最後に、譲渡と売却の違いでよくある3つの質問について紹介します。
- 質問1.不動産の長期譲渡と短期譲渡の違いは?
- 質問2.廃業のために必要な手続きは?
- 質問3.店舗の閉店に必要な撤退コストの内容は?
それぞれの詳しい内容についてみていきましょう。
質問1.不動産の長期譲渡と短期譲渡の違いは?
譲渡所得税は、不動産の所有期間によって税率が変わる仕組みです。所有期間が5年以下の場合、「短期譲渡所得」として課税され、税率は通常より高くなります。
一方、5年を超えて所有していた不動産を譲渡する場合は、「長期譲渡所得」として扱われ、税率は低くなります。
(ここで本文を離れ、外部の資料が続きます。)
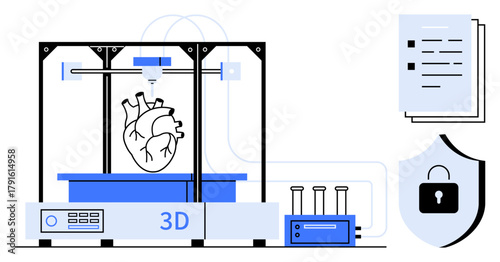 3D printer producing a human heart, next to test tubes, documents, and a security padlock shield. Ideal for medical innovation, healthcare, technology, research, organ printing security data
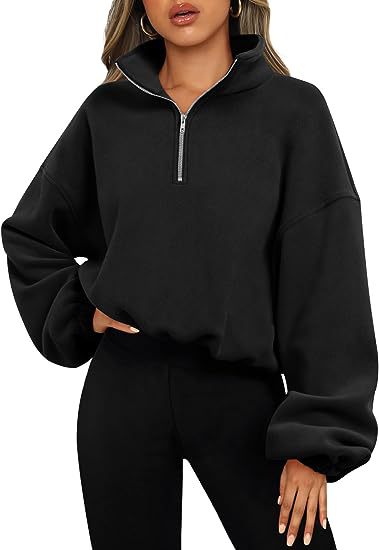 Loose Sport Pullover Hoodie Women Winter Solid Color Zipper Stand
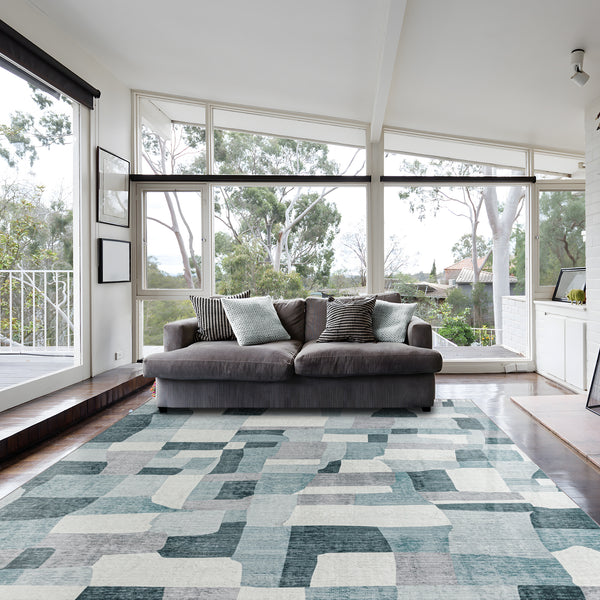 Extra Large Floor Rug Blue Grey Ivory Checked Modern Geometric Carpet Machine Washable Mat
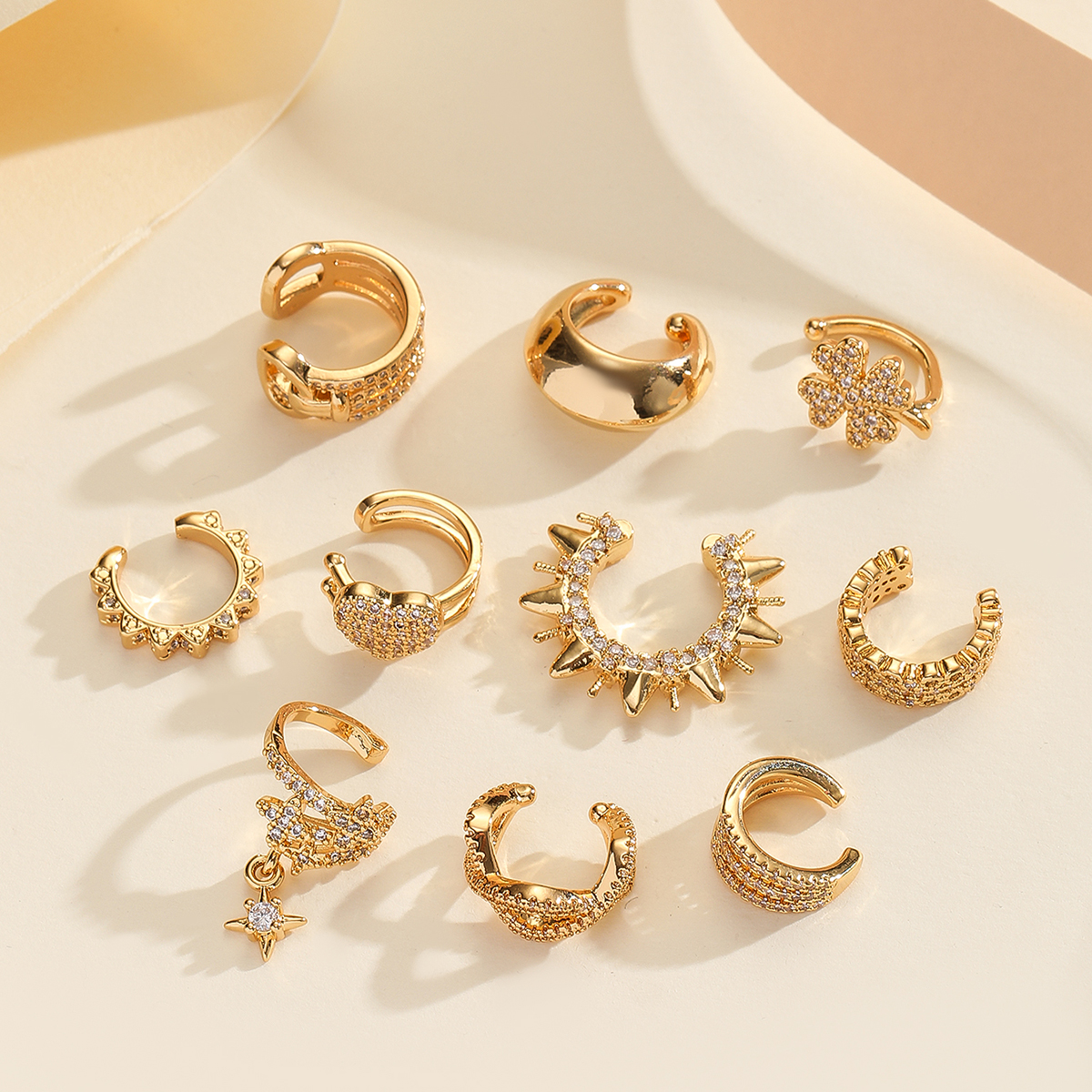 跨境镶钻简约时尚耳骨夹女双层耳夹无耳洞夹铜镀真金小众设计高级感耳环痞帅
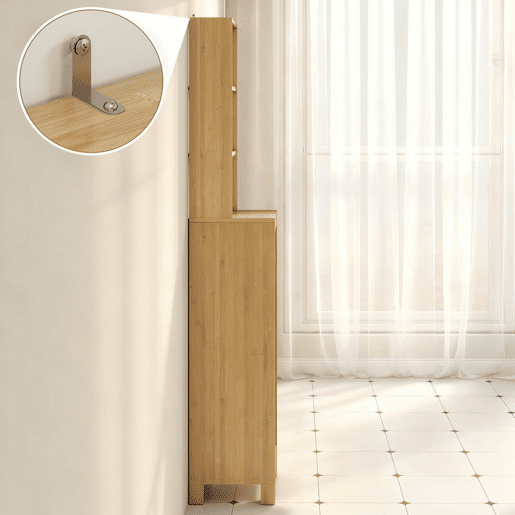 HOMCOM Coluna Casa de Banho de Bambu Armário Alto e Estreito para Casa de Banho com 3 Prateleiras Abertas Portas de Ripas Prateleiras Ajustáveis 34x30x170 cm Madeira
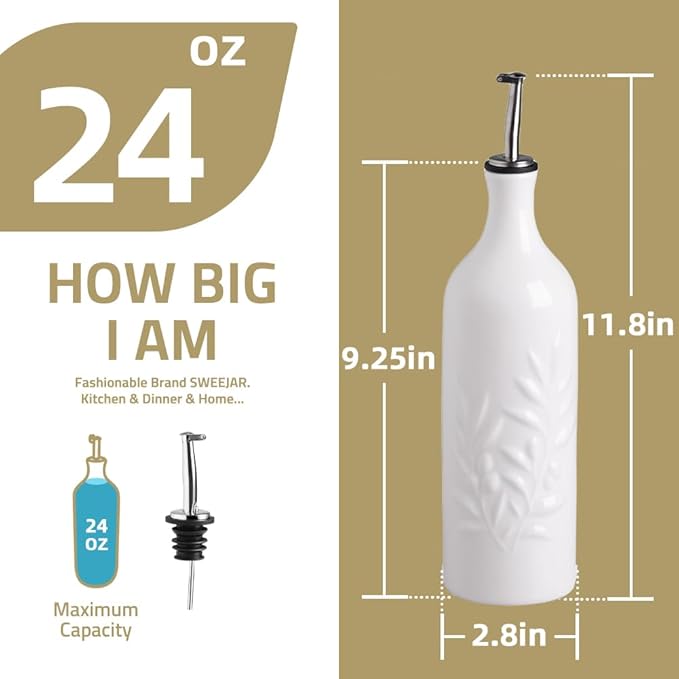 Sweejar Ceramic Olive Oil Dispenser Bottle, 24 Oz Relief Design EVOO Oil and Vinegar Dispensing Bottle with Spout for Kitchen, Set of 1 (Turquoise)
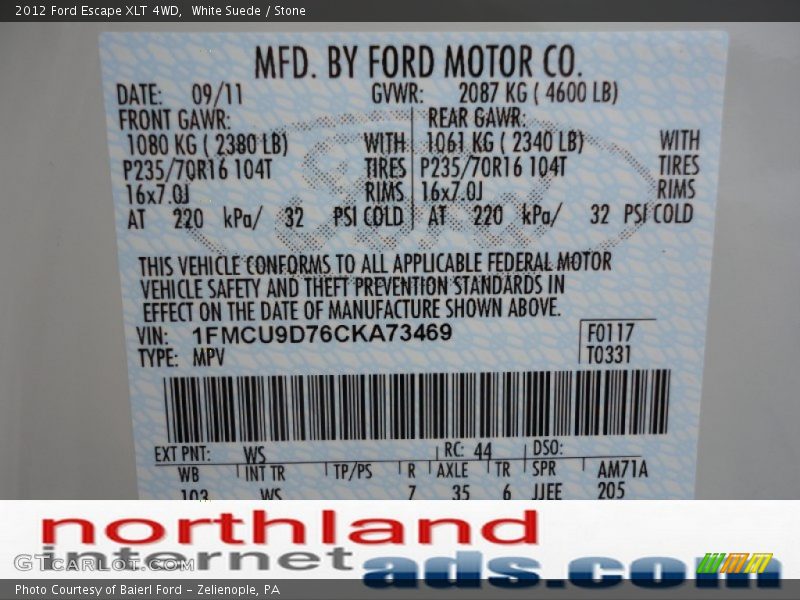 White Suede / Stone 2012 Ford Escape XLT 4WD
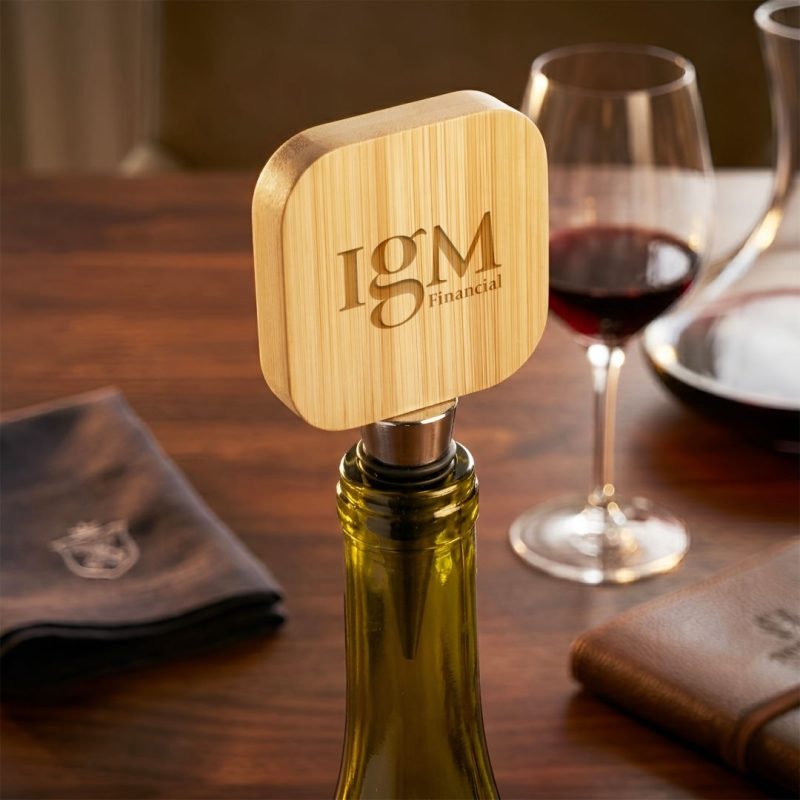 Kirtle Bamboo Bottle Stopper w/Bottle Opener - 4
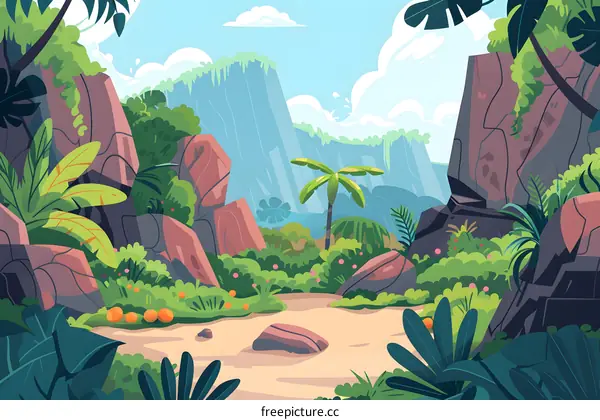 Tropical Rainforest Jungle Landscape with Palm Trees and Mountains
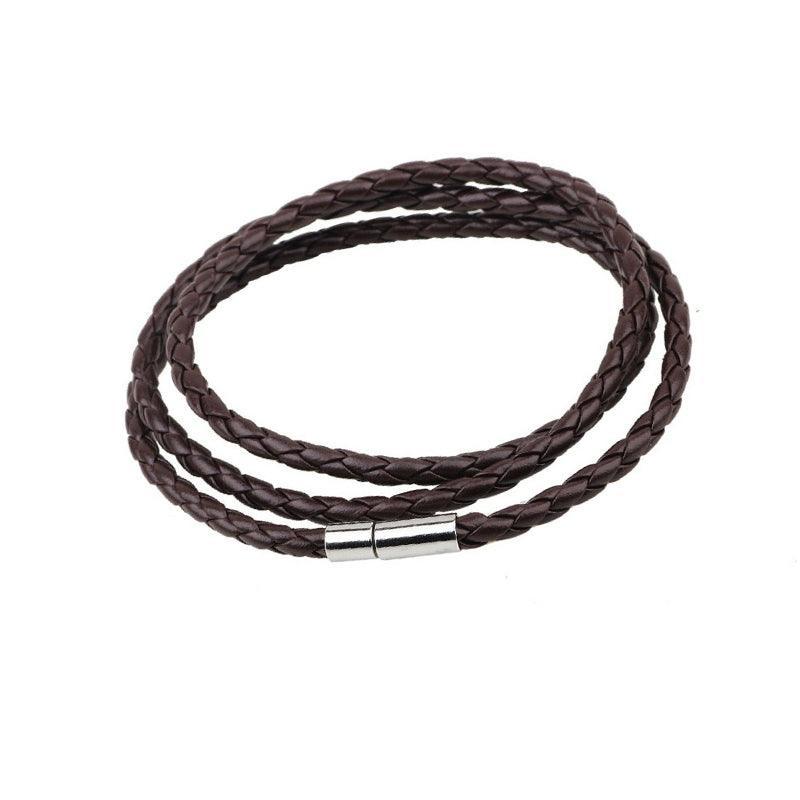 1Pc New Fashion Men Women Three Laps Pu Leather Bracelet Wristband Bangle Punk - Dark Brown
この違いにより、不動産の売却タイミングが税金に大きな影響を与えるため、売却計画を立てる際には、所有期間を十分に考慮しなければなりません。
質問2.廃業のために必要な手続きは?
飲食店を閉店する際には、譲渡手続きと共に廃業の届け出を行う必要があります。廃業に際して提出しなければならない主な書類は以下の3つです。
これらの書類は、すべて国税庁のウェブサイトからダウンロードが可能です。
- 個人事業の開業・廃業等届出書
個人事業主が廃業する際に必要であり、廃業日から一か月以内に税務署と都道府県税事務所に提出しなければならない
- 事業廃止届出書
課税事業者が廃業する場合に、消費税関連で提出しなければならない。この書類は廃業後、すみやかに税務署に提出する必要がある
- 所得税の青色申告の取りやめ手続き
青色申告の承認を受けていた事業者が取りやめる際に提出が必要で、取りやめる年の翌年3月15日までに提出しなければならない
質問3.店舗の閉店に必要な撤退コストの内容は?
飲食店舗の閉店に必要となる費用としては、以下があげられます。
- 賃貸借契約の解約までの料金
- 店内の設備や備品のレンタル、リースの費用
- 従業員への給与
- 退去するまでの水道光熱費
- 原状回復工事の解体工事費
- 廃棄物の処理や不要な道具を処分する費用
法人が廃業する場合には、以下の費用も発生します。
- 解散や清算人、清算結了の登記費用
- 官報での広告費
- 登記やその他の法手続きの依頼費用
原状回復工事の費用は多額になる場合が多いため、事前にしっかりと準備しておきましょう。

まとめ

本記事では、店舗における「譲渡」と「売却」の違いや譲渡の種類、流れ、成功のポイントをご紹介しました。
譲渡とは、有償・無償を問わず、所有資産の移転全般を含み、売買や贈与、交換、公売、財産分与などの行為を指します。一方、売却は、対価を受け取って資産を売り渡す行為であり、有償での取引のみです。
また、譲渡には、造作譲渡や事業譲渡、株式譲渡などの種類があります。それぞれ目的や手続きが異なるため、しっかりと理解して進めなければなりません。
専門的な知識や書類が必要となるため、M&Aコンサルティングや弁護士などに相談するのがおすすめです。